Even if many platforms are still trying to stand out by pushing more and more advanced features in their platforms which make them more suitable for expert users, you can notice a tendency to democratize the use of these platforms to non-experts data scientists also called “Citizen data scientist”. DataRobot, for instance, appears as a new entrant to the Gartner Magic Quadrant in 2019 as a visionary partly due to its capacity to simplify the use of machine learning algorithms for Citizen data-scientists by leveraging the latest advances in the domain of automated Machine learning.
“The ability to empower users to quickly and easily build highly accurate predictive models with full transparency is perhaps the most important element of any successful machine learning platform. The only ingredients needed are curiosity and data — coding and machine learning skills are completely optional!” Data Robot
Changing Your Relationship with data
The second main reason why few organizations are able to take full advantage of artificial intelligence is related to how data is managed across the organization. Indeed, while modern data science platforms make it easy to test and compare hundreds of machine learning algorithms at the click of a button, it is still a challenge for many organizations to collect and prepare the right training dataset to feed these algorithms.
The data preparation part can be time-consuming, but is definitely not a roadblock. Data scientists report that data preparation can take up to 80% of the time spent on a project. Nevertheless, data science platforms are providing more and more user-friendly data-wrangling capabilities.
On the other hand, collecting the relevant data in a coherent way across the organization can be a real issue. In many cases Artificial Intelligence initiatives are stopped because important data is not available or not usable.
To illustrate this last point, let’s look at the way organizations create value for their customers. This is often achieved through several interconnected processes (marketing, finance, research & development, manufacturing, purchasing, supply chain…). When you look at these processes from the point of view of information systems, we usually find a patchwork of different softwares, databases and Excel files which are not all the time coherent at least in the way data are structured and stored.
The classical way organizations try to tackle this problem is by launching huge digitalization programs deploying new information systems and restructuring existing ones. Such programs are often risky, take several years before achieving their goals and are very expensive, so the chance of getting any competitive advantage from data and analytics is delayed even further.
Bezos API mandate
Amazon’s approach in this domain worth mentioning: in 2002, Jeff Bezos, the founder and CEO of Amazon, issued the following memo (afterwards called the “Bezos API mandate”) to his employees :
- All teams will henceforth expose their data and functionality through service interfaces.
- Teams must communicate with each other through these interfaces.
- There will be no other form of inter-process communication allowed: no direct linking, no direct reads of another team’s data store, no shared-memory model, no back-doors whatsoever.
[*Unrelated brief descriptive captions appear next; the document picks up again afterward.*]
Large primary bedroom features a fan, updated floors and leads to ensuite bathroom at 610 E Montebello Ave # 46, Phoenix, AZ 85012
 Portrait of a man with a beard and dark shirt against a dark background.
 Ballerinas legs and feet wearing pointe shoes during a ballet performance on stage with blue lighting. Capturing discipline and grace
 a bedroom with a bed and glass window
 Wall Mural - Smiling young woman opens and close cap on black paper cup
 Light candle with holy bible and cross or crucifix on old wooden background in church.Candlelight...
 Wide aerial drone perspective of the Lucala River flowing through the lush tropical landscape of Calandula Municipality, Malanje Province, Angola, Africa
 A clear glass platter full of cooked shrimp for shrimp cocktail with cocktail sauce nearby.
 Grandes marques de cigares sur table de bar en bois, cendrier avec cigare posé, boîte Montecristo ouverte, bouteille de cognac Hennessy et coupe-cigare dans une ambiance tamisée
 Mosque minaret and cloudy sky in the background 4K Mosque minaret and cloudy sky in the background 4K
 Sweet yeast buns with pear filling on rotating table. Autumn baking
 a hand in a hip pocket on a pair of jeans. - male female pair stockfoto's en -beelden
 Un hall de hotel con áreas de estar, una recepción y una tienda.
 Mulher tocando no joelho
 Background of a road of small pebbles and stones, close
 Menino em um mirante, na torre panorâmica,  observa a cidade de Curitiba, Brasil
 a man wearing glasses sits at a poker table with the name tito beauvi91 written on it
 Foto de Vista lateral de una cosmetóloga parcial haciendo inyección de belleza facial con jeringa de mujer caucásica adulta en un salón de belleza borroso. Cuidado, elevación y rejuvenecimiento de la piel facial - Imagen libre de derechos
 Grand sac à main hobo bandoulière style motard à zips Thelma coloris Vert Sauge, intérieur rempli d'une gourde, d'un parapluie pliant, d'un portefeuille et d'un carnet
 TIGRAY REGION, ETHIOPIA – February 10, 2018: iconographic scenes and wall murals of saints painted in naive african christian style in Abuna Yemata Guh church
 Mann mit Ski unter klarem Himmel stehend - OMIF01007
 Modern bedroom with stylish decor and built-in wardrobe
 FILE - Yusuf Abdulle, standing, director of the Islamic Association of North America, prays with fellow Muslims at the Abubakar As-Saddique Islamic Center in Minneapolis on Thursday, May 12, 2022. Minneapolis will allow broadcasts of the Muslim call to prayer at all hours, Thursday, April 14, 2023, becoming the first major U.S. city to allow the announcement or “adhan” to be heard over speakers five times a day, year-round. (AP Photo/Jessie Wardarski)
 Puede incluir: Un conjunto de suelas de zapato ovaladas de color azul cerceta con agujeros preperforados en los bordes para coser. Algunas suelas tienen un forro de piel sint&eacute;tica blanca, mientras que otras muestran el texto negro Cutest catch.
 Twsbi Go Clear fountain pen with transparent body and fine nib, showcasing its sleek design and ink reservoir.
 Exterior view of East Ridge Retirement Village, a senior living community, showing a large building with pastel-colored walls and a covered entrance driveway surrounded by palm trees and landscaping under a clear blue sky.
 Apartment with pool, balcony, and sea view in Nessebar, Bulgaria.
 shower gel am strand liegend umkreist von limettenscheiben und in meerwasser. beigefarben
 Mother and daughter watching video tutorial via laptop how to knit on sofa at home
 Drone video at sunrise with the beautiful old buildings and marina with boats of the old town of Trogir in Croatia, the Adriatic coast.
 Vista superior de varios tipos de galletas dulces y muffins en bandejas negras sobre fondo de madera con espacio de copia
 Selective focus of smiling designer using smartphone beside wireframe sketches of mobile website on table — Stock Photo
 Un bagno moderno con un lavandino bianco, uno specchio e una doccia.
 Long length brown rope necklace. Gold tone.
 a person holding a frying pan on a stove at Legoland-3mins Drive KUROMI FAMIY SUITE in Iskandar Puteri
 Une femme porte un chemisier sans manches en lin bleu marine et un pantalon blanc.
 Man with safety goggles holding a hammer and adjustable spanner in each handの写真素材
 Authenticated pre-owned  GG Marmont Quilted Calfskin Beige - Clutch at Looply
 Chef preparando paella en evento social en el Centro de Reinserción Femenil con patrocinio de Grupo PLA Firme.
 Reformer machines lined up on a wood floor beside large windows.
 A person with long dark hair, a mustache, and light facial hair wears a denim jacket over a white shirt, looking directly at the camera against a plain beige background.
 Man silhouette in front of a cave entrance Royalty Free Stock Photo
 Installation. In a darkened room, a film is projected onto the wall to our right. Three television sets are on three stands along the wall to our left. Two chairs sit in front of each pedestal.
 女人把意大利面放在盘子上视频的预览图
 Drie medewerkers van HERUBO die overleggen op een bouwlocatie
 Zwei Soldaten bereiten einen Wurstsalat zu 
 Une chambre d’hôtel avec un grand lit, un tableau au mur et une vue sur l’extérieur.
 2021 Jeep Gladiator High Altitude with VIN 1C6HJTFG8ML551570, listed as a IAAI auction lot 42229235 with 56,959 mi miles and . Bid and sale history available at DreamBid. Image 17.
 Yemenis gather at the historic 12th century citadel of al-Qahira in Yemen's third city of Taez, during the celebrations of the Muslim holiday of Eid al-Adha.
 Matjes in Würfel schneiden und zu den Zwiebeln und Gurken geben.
The only communication allowed is via service interface calls over the network.
- It doesn’t matter what technology they use.
The memo ended by saying “Anyone who doesn’t do this will be fired. Thank you; have a nice day!”.
If we put aside the authoritarian way the note was formulated and look at the consequences of such orientation, this means that if someone in the company needs to get information from marketing or any other team in the organization, instead of reaching to his/her colleagues through email/phone and get an extract from a database or a simple Excel file. He/she now can use a codified service interface to get the data. And whatever technology the marketing teams are using to manage and process this data (ranging from advanced commercial software to a simple spreadsheet) they need to expose their data through an application programming interface anyone in the company can use.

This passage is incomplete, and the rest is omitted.